## Task details
Skip all pictures, then copy the lines from the start of the data through the line with "DUSSEK 6 Sonatine Op. 20", keeping both ends.
Records provided section start
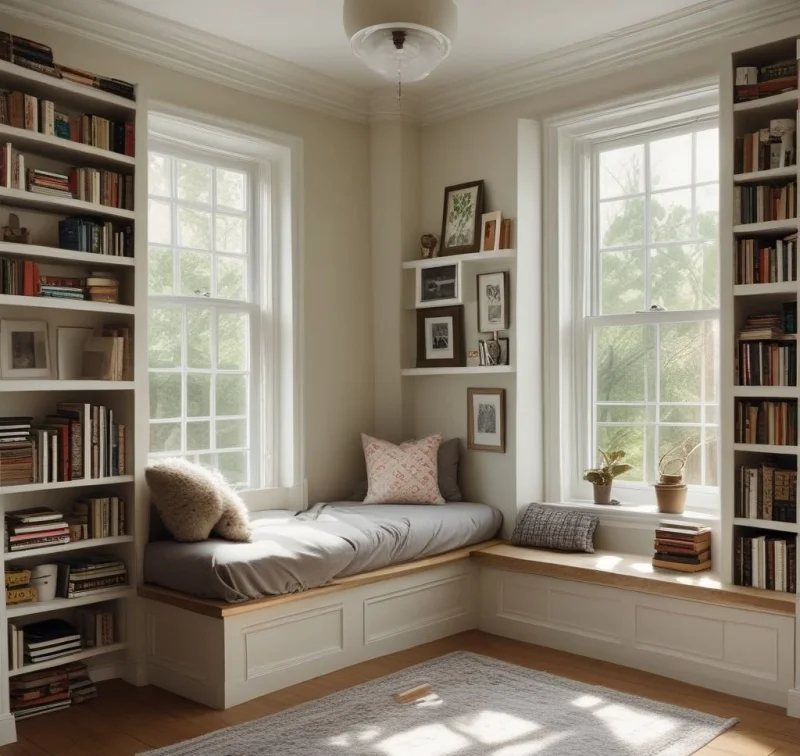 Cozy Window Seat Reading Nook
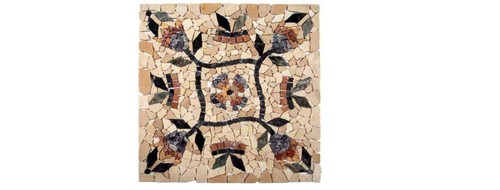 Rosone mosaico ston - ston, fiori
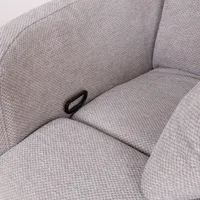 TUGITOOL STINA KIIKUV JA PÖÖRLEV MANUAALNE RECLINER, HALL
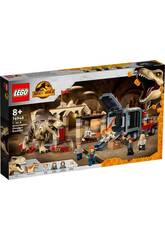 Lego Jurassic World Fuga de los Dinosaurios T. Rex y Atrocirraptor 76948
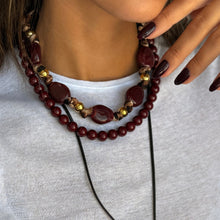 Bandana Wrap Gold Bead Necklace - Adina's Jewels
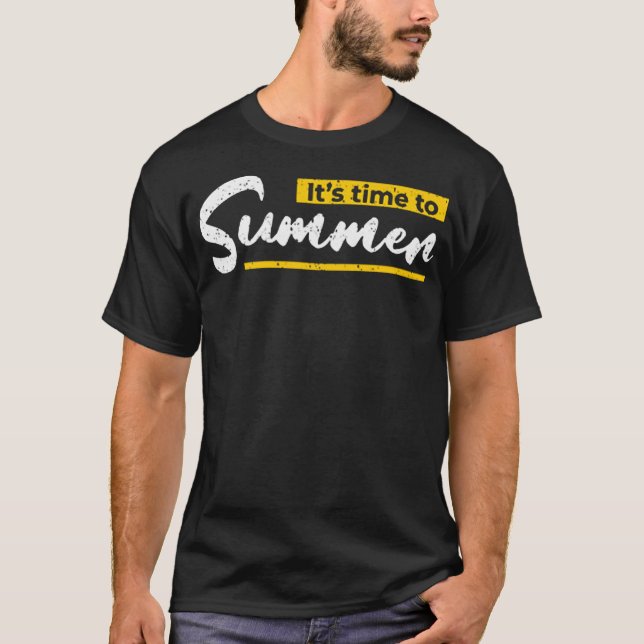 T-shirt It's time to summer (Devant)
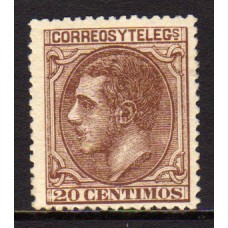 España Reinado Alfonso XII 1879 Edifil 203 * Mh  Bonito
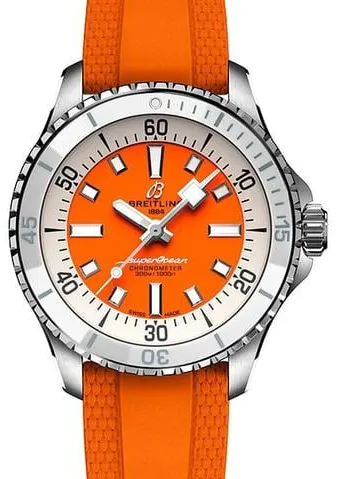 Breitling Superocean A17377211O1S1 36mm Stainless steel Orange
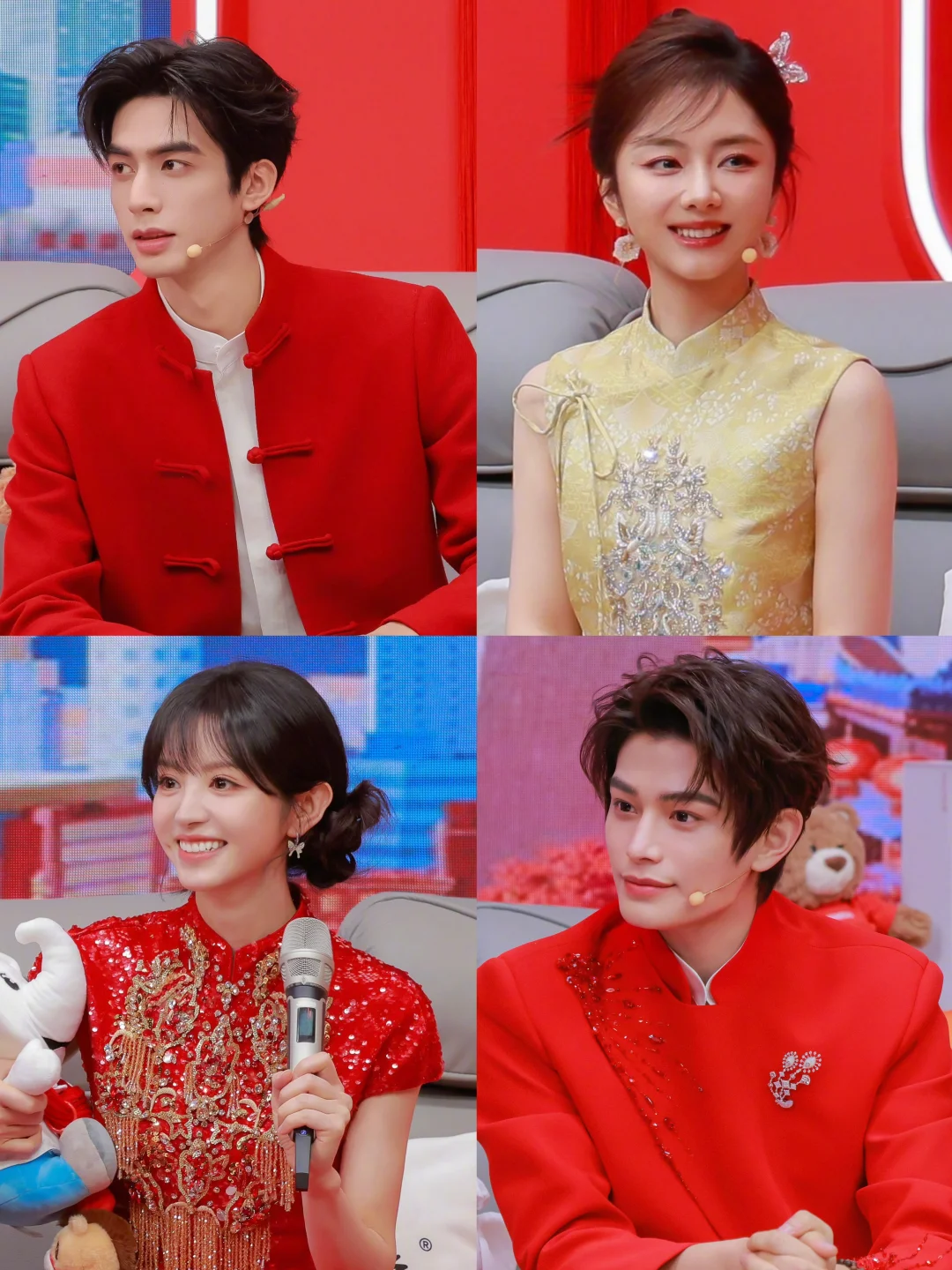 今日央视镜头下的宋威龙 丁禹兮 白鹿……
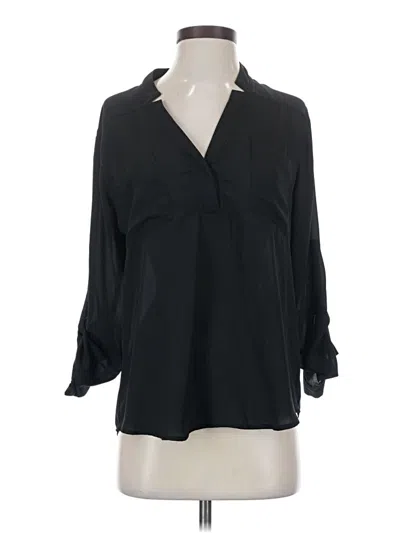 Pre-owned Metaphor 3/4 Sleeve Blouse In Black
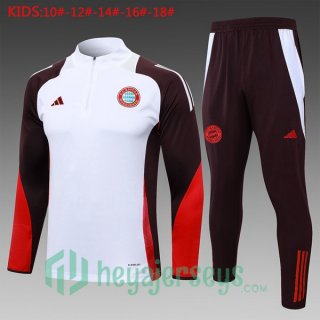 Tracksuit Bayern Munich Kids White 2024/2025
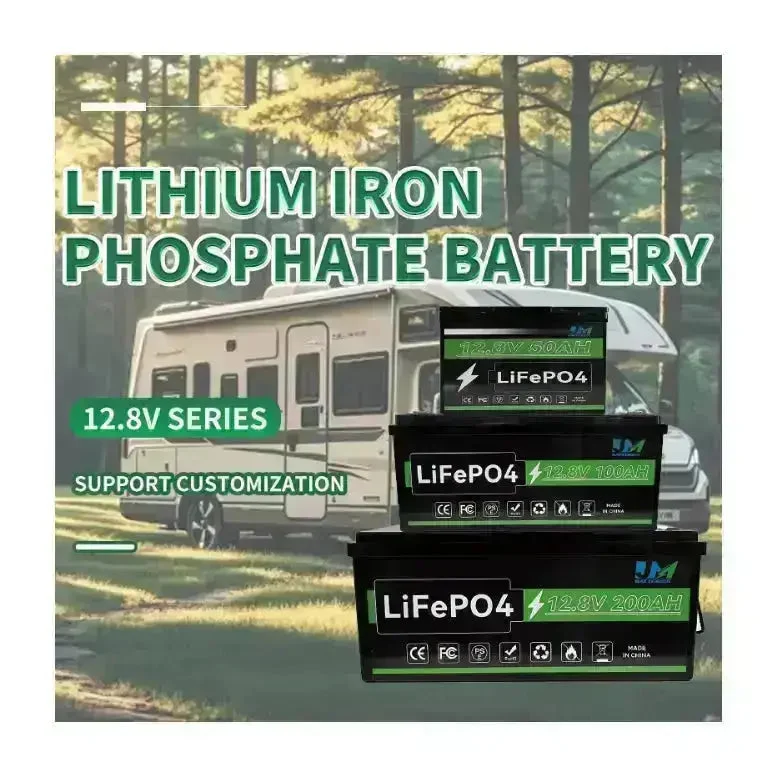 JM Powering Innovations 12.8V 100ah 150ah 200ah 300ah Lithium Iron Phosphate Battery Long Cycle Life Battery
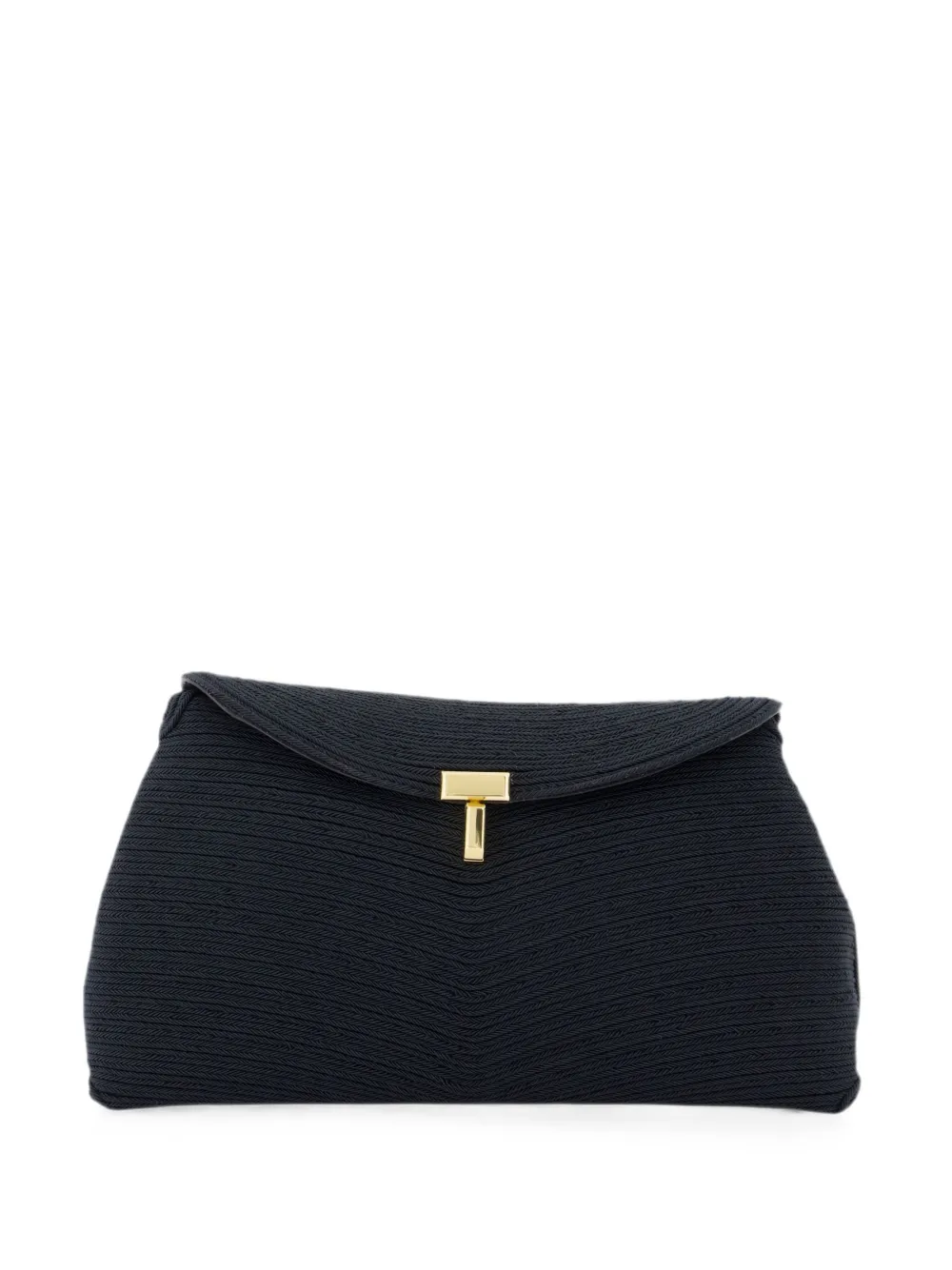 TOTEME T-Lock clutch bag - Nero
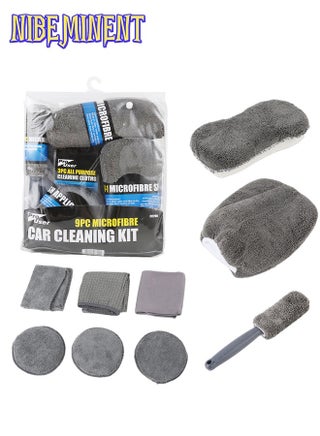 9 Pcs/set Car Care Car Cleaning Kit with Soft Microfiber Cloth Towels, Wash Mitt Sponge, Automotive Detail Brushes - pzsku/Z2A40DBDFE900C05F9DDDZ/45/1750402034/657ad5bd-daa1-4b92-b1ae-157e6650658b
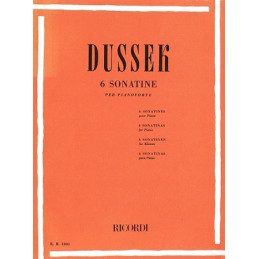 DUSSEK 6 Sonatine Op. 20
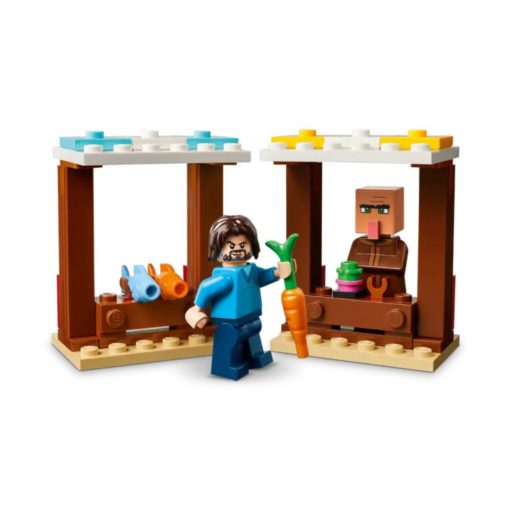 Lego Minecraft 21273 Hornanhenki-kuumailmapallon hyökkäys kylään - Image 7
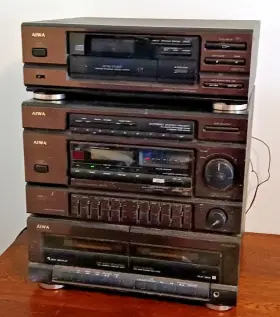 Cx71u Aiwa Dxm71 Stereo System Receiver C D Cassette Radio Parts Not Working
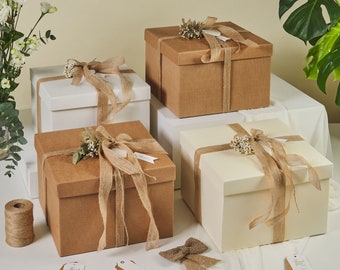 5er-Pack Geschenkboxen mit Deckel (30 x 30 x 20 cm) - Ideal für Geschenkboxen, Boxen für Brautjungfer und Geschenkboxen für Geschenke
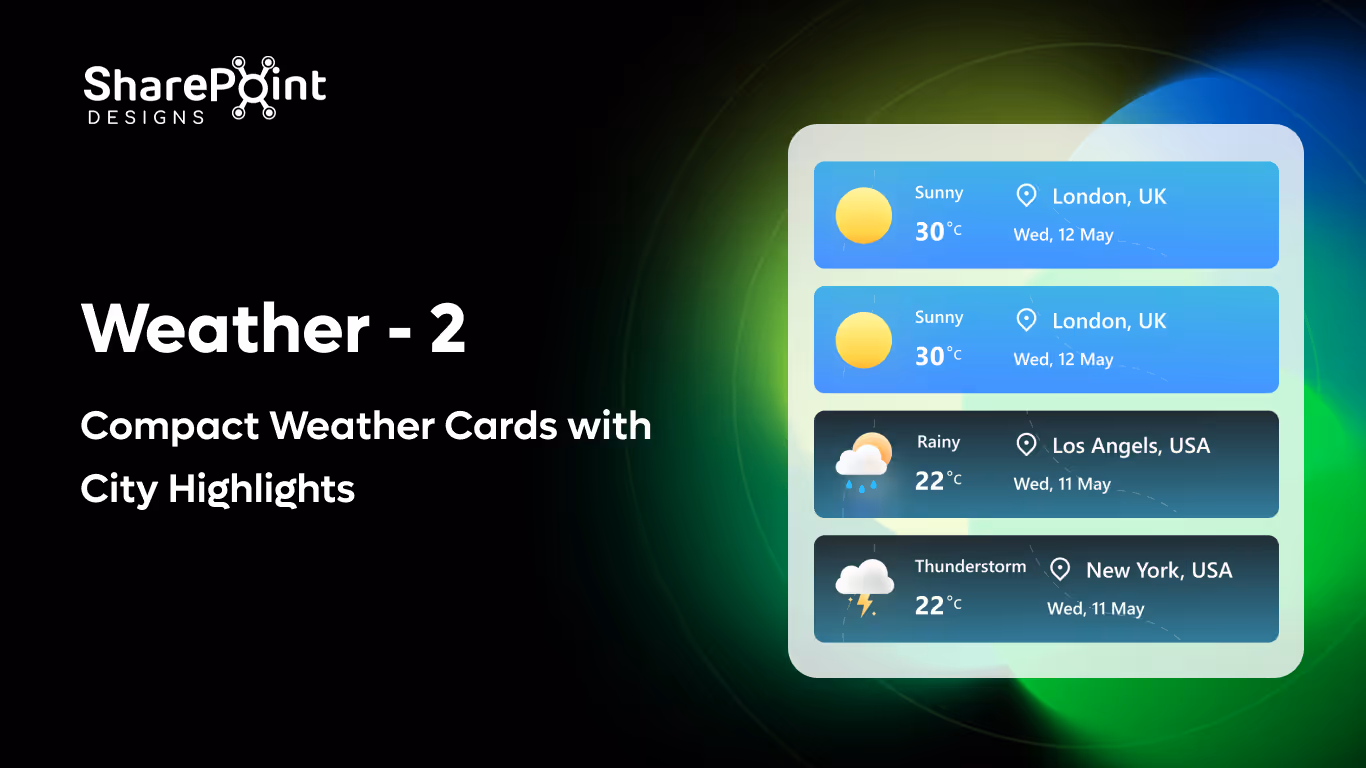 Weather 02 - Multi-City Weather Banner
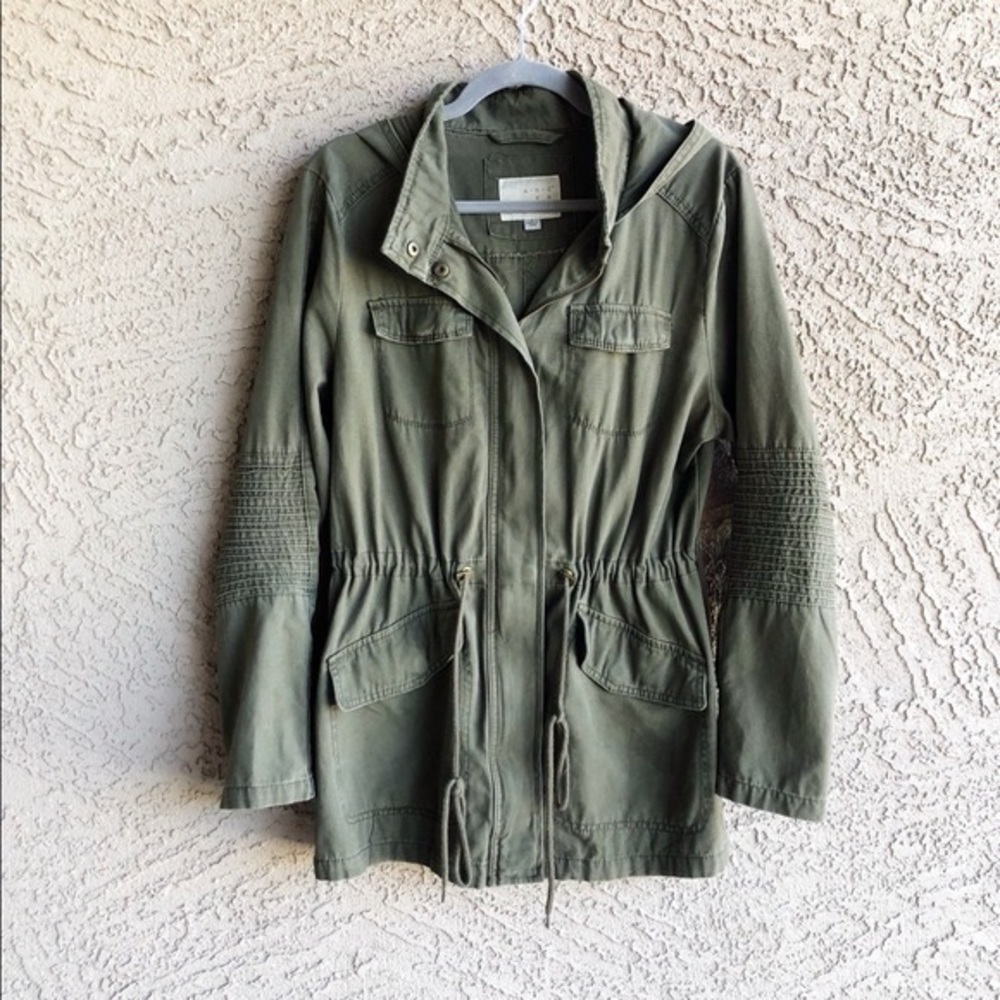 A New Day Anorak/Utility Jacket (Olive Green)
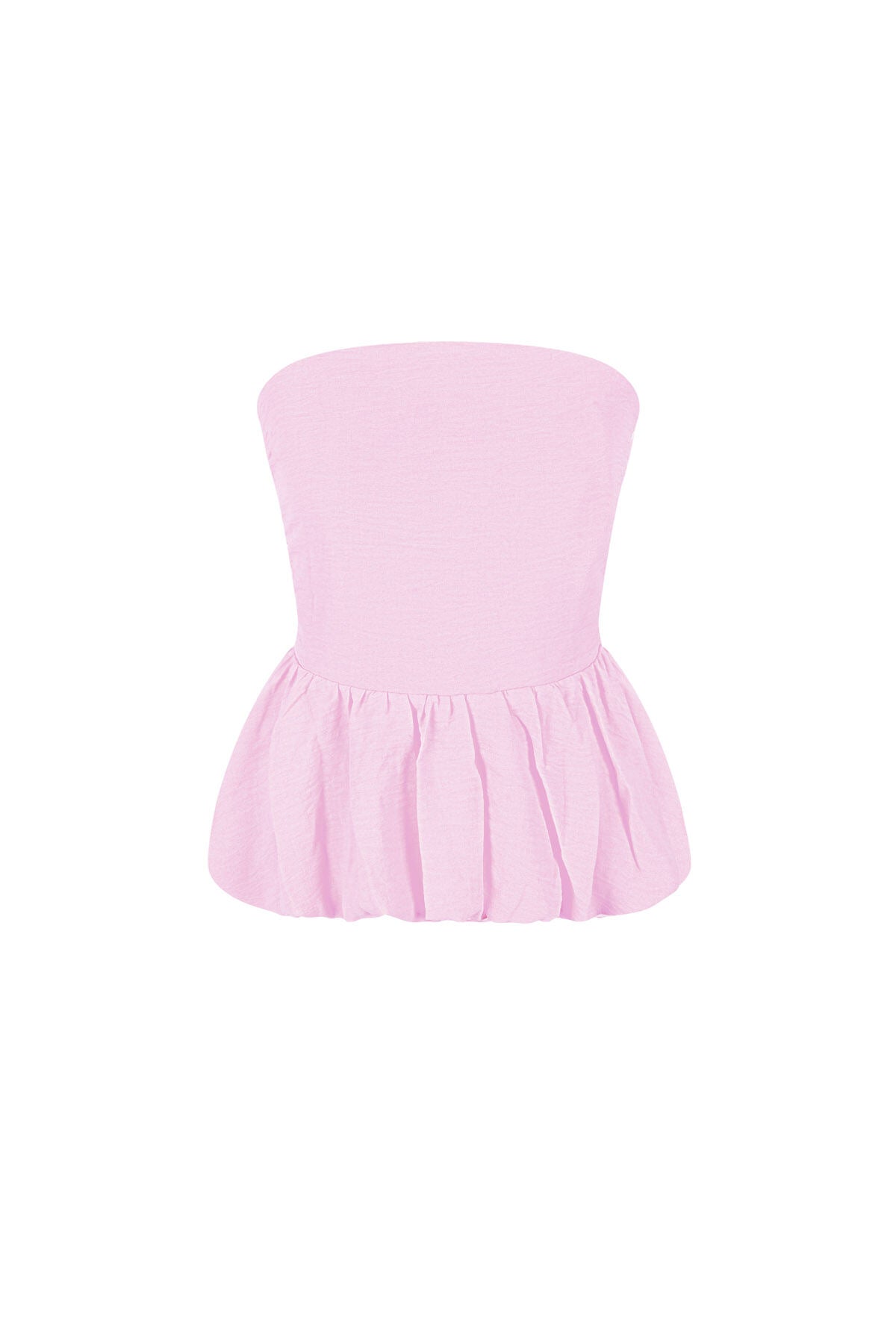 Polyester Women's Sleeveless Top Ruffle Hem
Records provided section end
## Solution for this task
 Cozy Window Seat Reading Nook
 Rosone mosaico ston - ston, fiori
 TUGITOOL STINA KIIKUV JA PÖÖRLEV MANUAALNE RECLINER, HALL
 Lego Jurassic World Fuga de los Dinosaurios T. Rex y Atrocirraptor 76948
 Bandana Wrap Gold Bead Necklace - Adina's Jewels
 T-shirt It's time to summer (Devant)
 España Reinado Alfonso XII 1879 Edifil 203 * Mh  Bonito
 Breitling Superocean A17377211O1S1 36mm Stainless steel Orange
 今日央视镜头下的宋威龙 丁禹兮 白鹿……
 Pre-owned Metaphor 3/4 Sleeve Blouse In Black
 Tracksuit Bayern Munich Kids White 2024/2025
 JM Powering Innovations 12.8V 100ah 150ah 200ah 300ah Lithium Iron Phosphate Battery Long Cycle Life Battery
 TOTEME T-Lock clutch bag - Nero
 9 Pcs/set Car Care Car Cleaning Kit with Soft Microfiber Cloth Towels, Wash Mitt Sponge, Automotive Detail Brushes - pzsku/Z2A40DBDFE900C05F9DDDZ/45/1750402034/657ad5bd-daa1-4b92-b1ae-157e6650658b
 DUSSEK 6 Sonatine Op. 20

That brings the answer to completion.